Hewlett-Packard created a forward-looking feature for the HP 3000 before its lab retired. One of the biggest enhancements gave MPE/iX the ability to use drives sized up to 512GB. Getting this size of drive to work involves going outside of the 3000's foundation, both literally as well as strategically.
External disc drives supply storage beyond the 73GB devices which were fitted inside the HP 3000 chassis. This Hewlett-Packard part numbered A6727A was an off-the-cuff answer from Client Systems to the "how big" question. Client Systems built HP 3000s with this part installed while the company was North America's only 3000 distributor. But nothing bigger ever came off a factory line before HP stopped building 3000s in 2003.
Outside of HP's official channel, however, a drive twice as large is installed on a N-Class. Two, in fact. Matt Perdue reports that his Hill Country Technologies site boasts a N-Class with a pair of 146GB drives inside. The Seagate ST3146855LC spins at 15,000 RPM, too, a faster rate than anything HP ever put in a 3000. Perdue said he picked up his drives from online reseller CDW.com.
Older 3000s, however, need single-ended drives for internal use, according to Allegro Consulting's Donna Hofmeister. She says the 3000's drive size limit is controlled by two factors: internal versus external, and HP "blessed," or off-the-shelf specified.

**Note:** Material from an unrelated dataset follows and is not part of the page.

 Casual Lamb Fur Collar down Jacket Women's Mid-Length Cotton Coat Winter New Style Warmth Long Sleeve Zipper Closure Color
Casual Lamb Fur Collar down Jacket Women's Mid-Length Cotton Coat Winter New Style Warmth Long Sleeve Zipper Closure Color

Hofmeister, who joined Allegro's customer support operations after many years at Longs Drugs managing 3000s, said the Longs systems accessed disk clusters, called LUNs, of many hundreds of GB.

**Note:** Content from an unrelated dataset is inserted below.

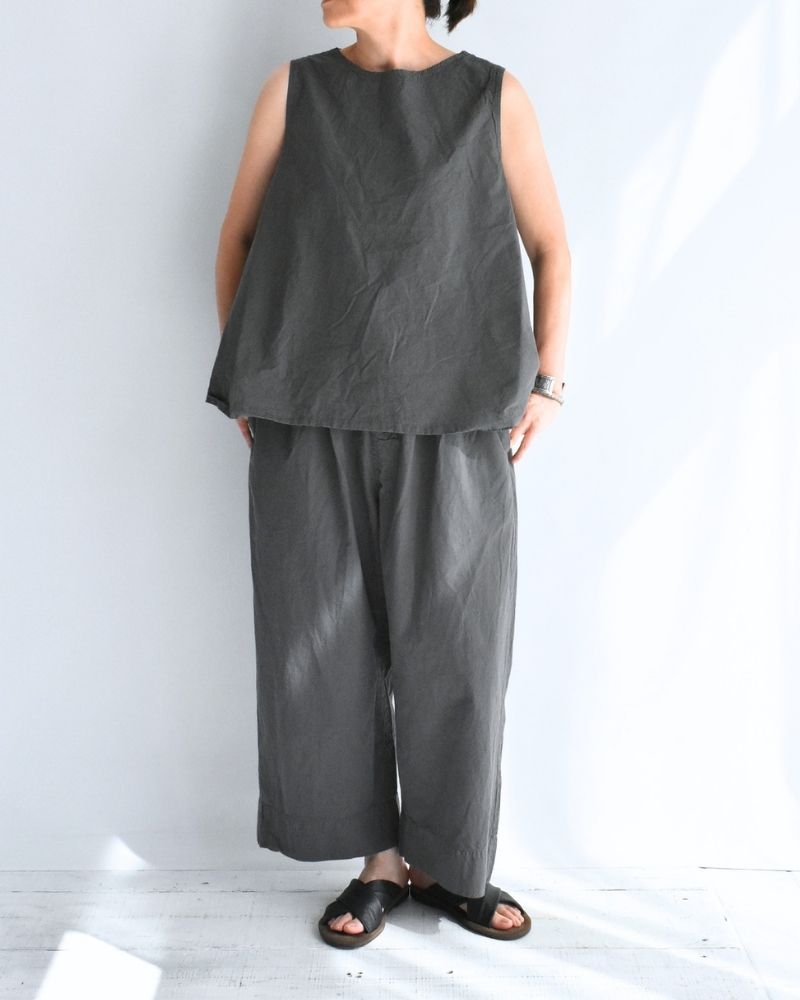 Shrink Sleeveless Top in Gray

The "blessed" question was debated from the late '90s onward between HP engineers and 3000 consultants and veterans. HP would only support disc devices that passed its extraordinary reliability tests. Nobody was surprised that only HP-branded discs ever got this blessing for the 3000. Once disk storage got inexpensive, drives from the same manufacturers who sourced to HP gained a following with the veterans.
"There’s the whole supported/blessed/holy aspect to the question," Hofmeister said. "[The Client Systems] answer is technically correct. On the other hand, my current favorite MPE system to torture has a 400-plus GB drive attached to it, and it works great. I certainly wouldn’t classify this disc as falling into the supported/blessed/holy category."
HP released patches to MPE/iX 7.5 to make this possible. The project the vendor called "Large Disk" gives 3000 users "the ability to initialize an MPE/iX disk volume of up to 512 GB on SCSI-2 compliant disks. SCSI-2 Disks that are larger than 512GB will be truncated at the 512GB limit and the space beyond 512GB will not be usable by the MPE/iX Operating System or any user applications running under MPE."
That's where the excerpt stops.